DESCRIPTION OF THE TASK: Would you return exactly the lines below from the line with "عینک آفتابی طرح Tailoring" through the line with "Coatesville, PA 19320,139 S 4TH AVE", both included, and nothing else, leaving out the pictures?

SUPPLIED DATA:
BEGIN

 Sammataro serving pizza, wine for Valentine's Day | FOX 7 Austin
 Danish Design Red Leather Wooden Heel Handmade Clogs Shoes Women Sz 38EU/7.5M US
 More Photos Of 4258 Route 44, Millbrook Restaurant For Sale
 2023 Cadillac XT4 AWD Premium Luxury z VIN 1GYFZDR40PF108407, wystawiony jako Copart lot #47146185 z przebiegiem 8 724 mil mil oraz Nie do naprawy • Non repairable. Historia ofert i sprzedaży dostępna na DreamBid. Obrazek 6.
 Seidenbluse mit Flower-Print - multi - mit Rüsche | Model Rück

END
BEGIN

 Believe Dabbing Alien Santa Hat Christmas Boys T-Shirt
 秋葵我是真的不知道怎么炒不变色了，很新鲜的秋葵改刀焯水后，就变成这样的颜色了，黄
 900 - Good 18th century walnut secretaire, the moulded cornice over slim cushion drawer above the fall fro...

END
BEGIN

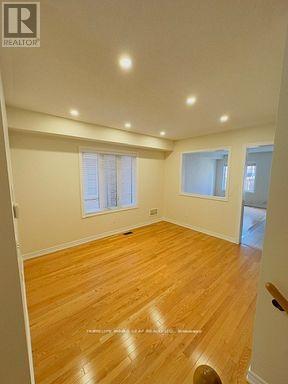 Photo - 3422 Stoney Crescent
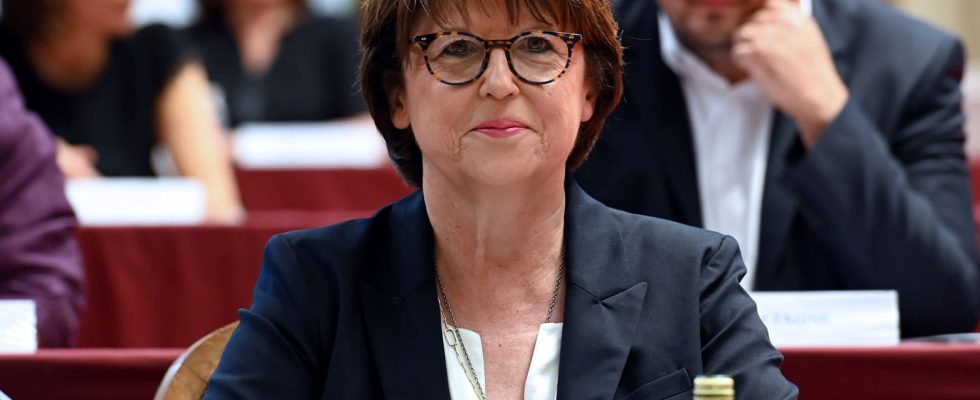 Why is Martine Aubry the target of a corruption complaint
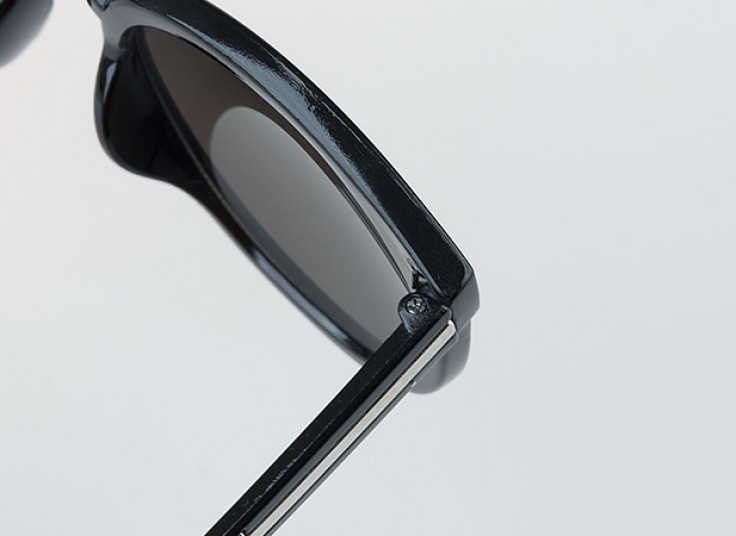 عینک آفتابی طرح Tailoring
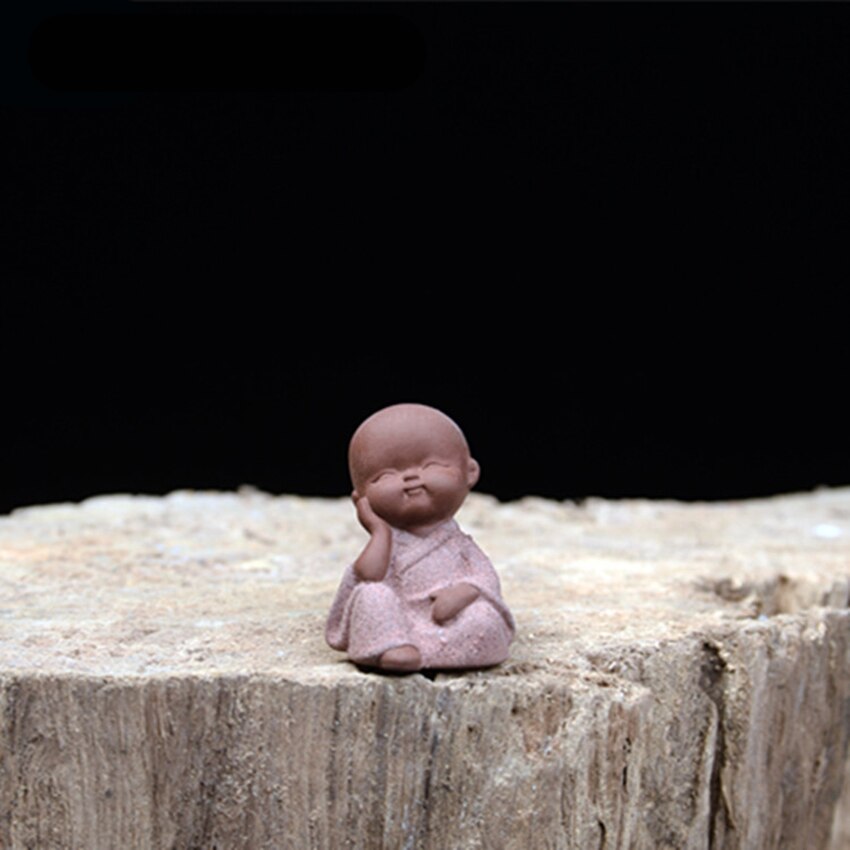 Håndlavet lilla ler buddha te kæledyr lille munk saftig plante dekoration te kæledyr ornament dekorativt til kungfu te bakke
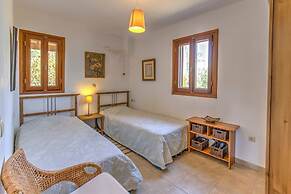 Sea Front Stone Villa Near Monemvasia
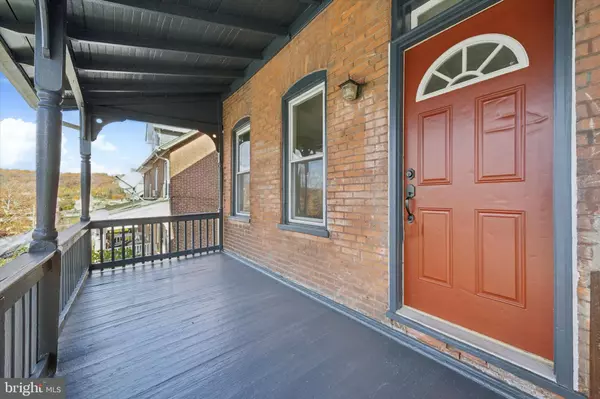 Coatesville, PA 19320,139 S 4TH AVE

END

REPLY TO THE EXERCISE:
 عینک آفتابی طرح Tailoring
 Håndlavet lilla ler buddha te kæledyr lille munk saftig plante dekoration te kæledyr ornament dekorativt til kungfu te bakke
 Sea Front Stone Villa Near Monemvasia
 Coatesville, PA 19320,139 S 4TH AVE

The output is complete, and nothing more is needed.